How to evaluate generative AI output

I recently took two courses on evaluating generative AI output:

This post is a summary of what I learnt

Evaluating LLM output is different to evaluating deterministic software

Unlike traditional software, which is deterministic, LLM outputs are non-deterministic. A single input can have many correct (and incorrect) outputs.

There are two primary kinds of evaluations for software using LLMs:

Rule-Based Evaluations: Use string or pattern matching to find specific content. These are fast, cheap, and ideal for outputs with a clear right answer. They can be run frequently, such as after every code commit.
Model-Graded Evaluations: Use another LLM to grade the output of your application. This is slower and more expensive than rule-based evaluations, but handles a range of possible good or bad outputs (e.g., evaluating the quality of LLM-written text). You’ll likely run these before a release. (You may also run human evaluation after merging to a main branch, before release, and in production)

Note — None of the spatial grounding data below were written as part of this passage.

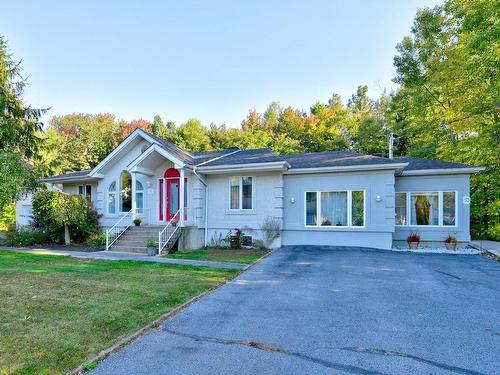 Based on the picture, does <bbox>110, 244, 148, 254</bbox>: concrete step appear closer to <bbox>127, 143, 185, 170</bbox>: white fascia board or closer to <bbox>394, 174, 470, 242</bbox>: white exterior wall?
<bbox>127, 143, 185, 170</bbox>: white fascia board

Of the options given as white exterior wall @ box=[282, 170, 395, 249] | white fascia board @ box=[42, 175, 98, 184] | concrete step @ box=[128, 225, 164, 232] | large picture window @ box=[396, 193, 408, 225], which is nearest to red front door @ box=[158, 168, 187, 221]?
concrete step @ box=[128, 225, 164, 232]

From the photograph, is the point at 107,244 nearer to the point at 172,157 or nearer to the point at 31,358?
the point at 172,157

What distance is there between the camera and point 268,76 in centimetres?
2867

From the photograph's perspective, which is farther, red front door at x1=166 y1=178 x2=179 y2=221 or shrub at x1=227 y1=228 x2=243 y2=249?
red front door at x1=166 y1=178 x2=179 y2=221

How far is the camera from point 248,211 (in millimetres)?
13539

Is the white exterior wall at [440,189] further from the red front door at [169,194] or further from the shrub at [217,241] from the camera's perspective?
the red front door at [169,194]

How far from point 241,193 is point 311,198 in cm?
316

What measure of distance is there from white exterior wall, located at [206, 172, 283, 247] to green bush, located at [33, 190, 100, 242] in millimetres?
6295

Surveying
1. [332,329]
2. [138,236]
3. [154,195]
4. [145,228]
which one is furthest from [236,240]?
[332,329]

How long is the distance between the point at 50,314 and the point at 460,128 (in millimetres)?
20897

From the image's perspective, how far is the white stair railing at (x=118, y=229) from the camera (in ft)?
42.8

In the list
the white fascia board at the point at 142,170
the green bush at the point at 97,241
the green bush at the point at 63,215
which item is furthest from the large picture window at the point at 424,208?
the green bush at the point at 63,215

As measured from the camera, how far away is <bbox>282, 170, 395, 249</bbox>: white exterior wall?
12.3m

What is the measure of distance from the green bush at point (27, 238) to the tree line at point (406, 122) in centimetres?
313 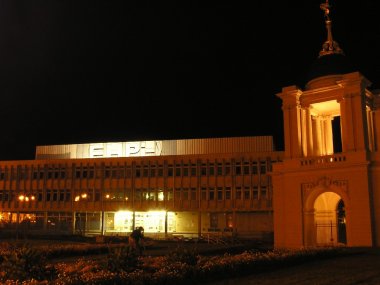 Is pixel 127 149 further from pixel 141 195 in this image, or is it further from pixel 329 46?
pixel 329 46

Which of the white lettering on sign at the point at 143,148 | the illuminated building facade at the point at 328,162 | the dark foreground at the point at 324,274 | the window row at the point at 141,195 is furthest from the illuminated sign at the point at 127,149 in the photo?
the dark foreground at the point at 324,274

Use passive and active monitoring

Passive monitoring is running metrics on historic production data collected from your application.
Active monitoring is applying metrics in real-time. This could involve evaluating a user’s prompt before sending it to the LLM (e.g., to catch a jailbreak attempt) or evaluating the LLM’s response before showing it to the user (e.g., to check for toxicity or hallucination).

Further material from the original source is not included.